Pour Marie Assaf, docteure en sciences politiques à l'EHESS, cette prise de distance s'explique aussi par une réalité électorale, à un peu plus d'un an des élections de mi-mandat : "Un tournant s'opère au sein du Parti démocrate. Puisque le soutien inconditionnel de Kamala Harris à Israël a pu lui coûter des voix lors de la dernière présidentielle, les démocrates veulent faire mieux. Critiquer Israël n'est plus un risque politique, mais devient, par extension, une stratégie viable et même nécessaire, dans certaines circonscriptions clés, pour regagner l'appui d'une base électorale jeune et très engagée en faveur de la Palestine."
Face à ce désengagement, le lobby pourrait toutefois sortir un argument : l'argent. "Il va être de plus en plus compliqué de financer les campagnes électorales américaines telles qu'elles existent actuellement", prévient Marie Assaf. "L'argument de l'Aipac serait de dire aux démocrates : si vous voulez rivaliser avec les multimilliardaires qui soutiennent les républicains, vous ne pouvez pas vous passer de nos dons."

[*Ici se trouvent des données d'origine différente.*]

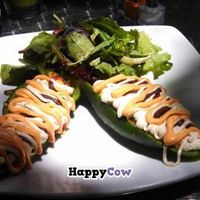 Chile Rellenos at Cafe 118 in Winter Park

Le désengagement se manifeste également dans les rites politiques : les voyages annuels organisés par l'Aipac en Israël, autrefois incontournables pour les nouveaux membres du Congrès, sont de plus en plus boudés. En 2019, plus de 40 démocrates y participaient ; cette année, ils n'étaient plus que 14. "L'Aipac était intouchable. Aujourd'hui, les démocrates osent rompre et dire qu'il ne l'est plus", note Marie Assaf.
Des appuis solides
Ce mouvement traduit un glissement plus large de l'opinion publique. Un récent sondage du New York Times et de la Siena University a montré l'effritement du soutien américain à Israël et une nette désapprobation de la gestion de la guerre à Gaza. Même certains élus réputés proches de l'Aipac, comme Ritchie Torres ou Cory Booker, ont reconnu la famine et la gravité de la crise humanitaire, Ritchie Torres allant même encore plus loin en comparant la guerre à Gaza au "bourbier" de la guerre en Irak, relate le magazine New York.
L'Aipac, qui continue de financer plus de la moitié des élus démocrates et le reste de l'équipe de direction démocrate de la Chambre, garde cependant des appuis solides. Trente parlementaires démocrates, ayant perçu au total 56 millions de dollars de dons de l'Aipac et d'autres organisations pro-Israël, ont récemment exhorté Marco Rubio à bloquer toute reconnaissance de l'État de Palestine à l'ONU. Selon le site Track Aipac, ces élus ont également voté en faveur de milliards de dollars d'aide militaire à Israël.
"Le soutien des États-Unis à la sécurité d'Israël demeure indéfectible", rappelle Steven Ekovich. "Néanmoins, ce basculement pourrait influencer certaines décisions secondaires, comme la pression diplomatique sur la colonisation ou les livraisons d'armes."